(MATERIAL PROVIDED begins)
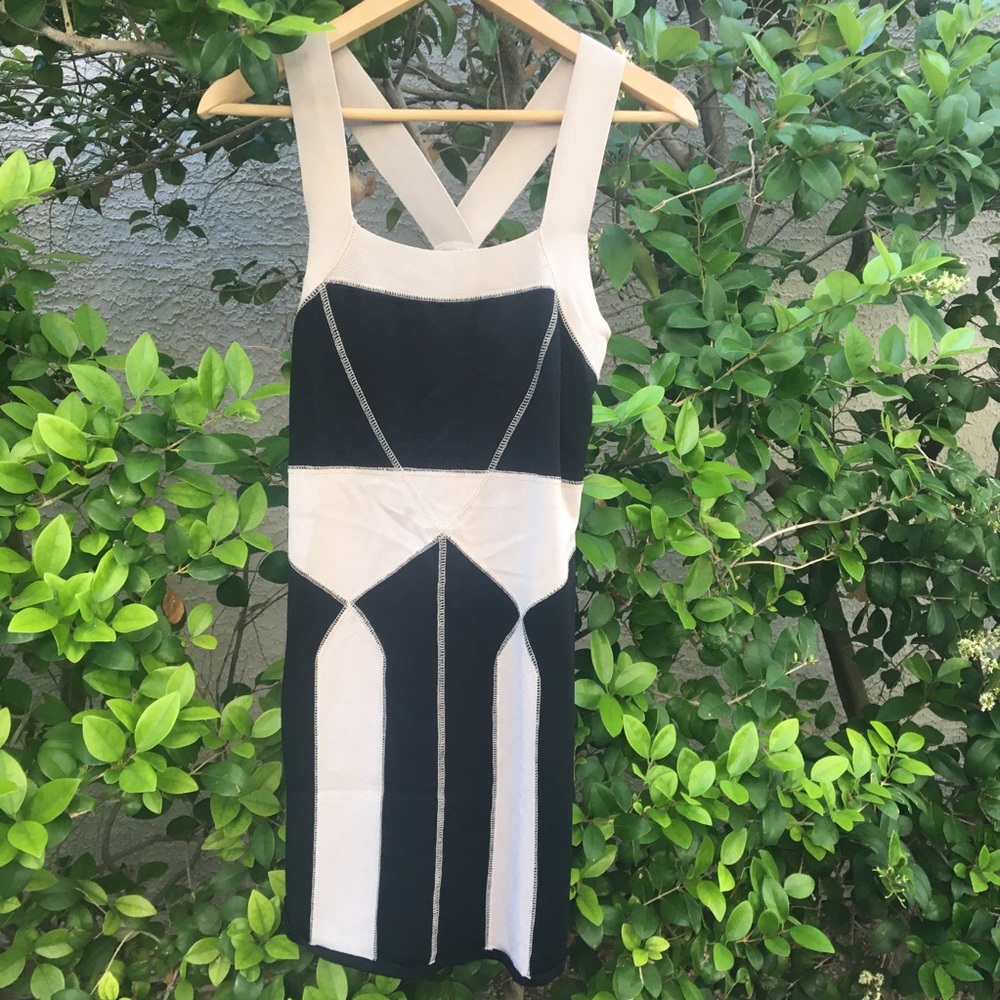 H&M Black Tan Fitted Dress Halter Crisscross back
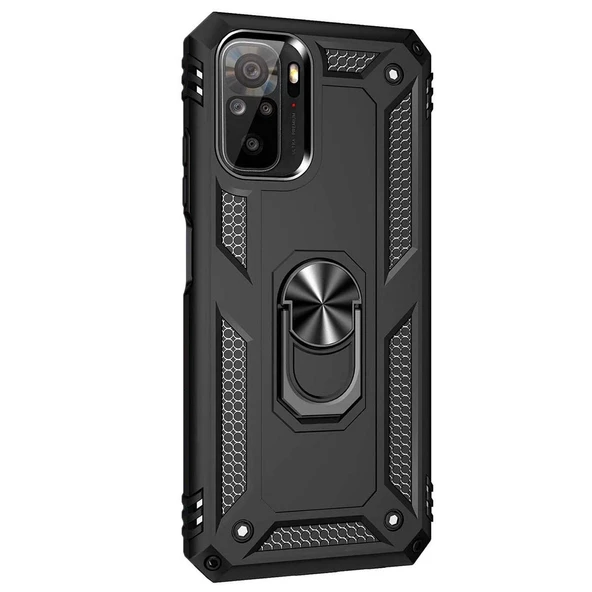 Xiaomi Redmi Note 10 Pro Yüzüklü Tank Kılıf Siyah ürün görseli 1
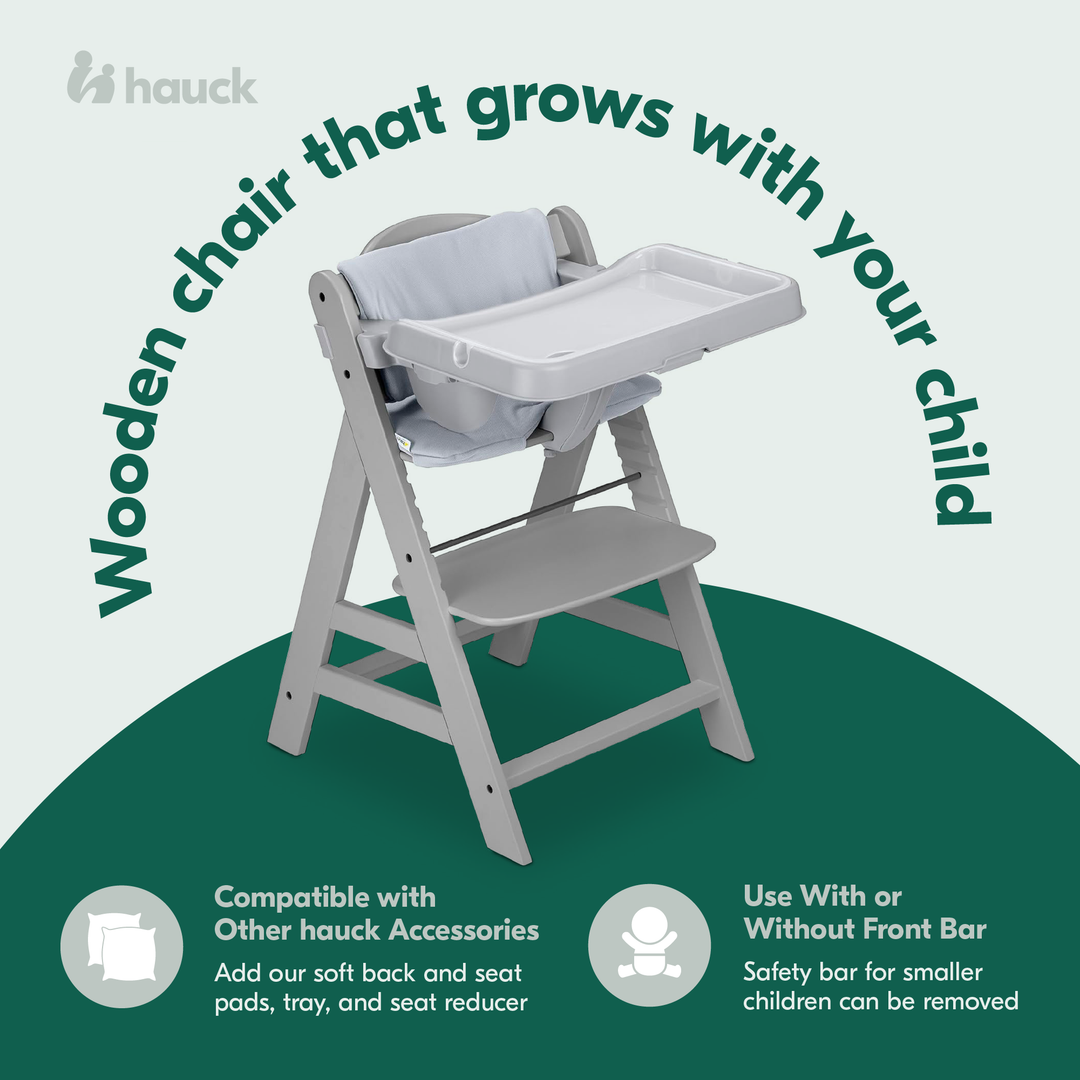 Hauck Alpha+ Wooden High Chair with Tray and Safety Bar, Grey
(MATERIAL PROVIDED ends)
PROBLEM REQUIREMENTS:
When you write out the material, reproduce each line exactly and omit any picture it holds.

TASK RESULT:
 H&M Black Tan Fitted Dress Halter Crisscross back
 Xiaomi Redmi Note 10 Pro Yüzüklü Tank Kılıf Siyah ürün görseli 1
 Hauck Alpha+ Wooden High Chair with Tray and Safety Bar, Grey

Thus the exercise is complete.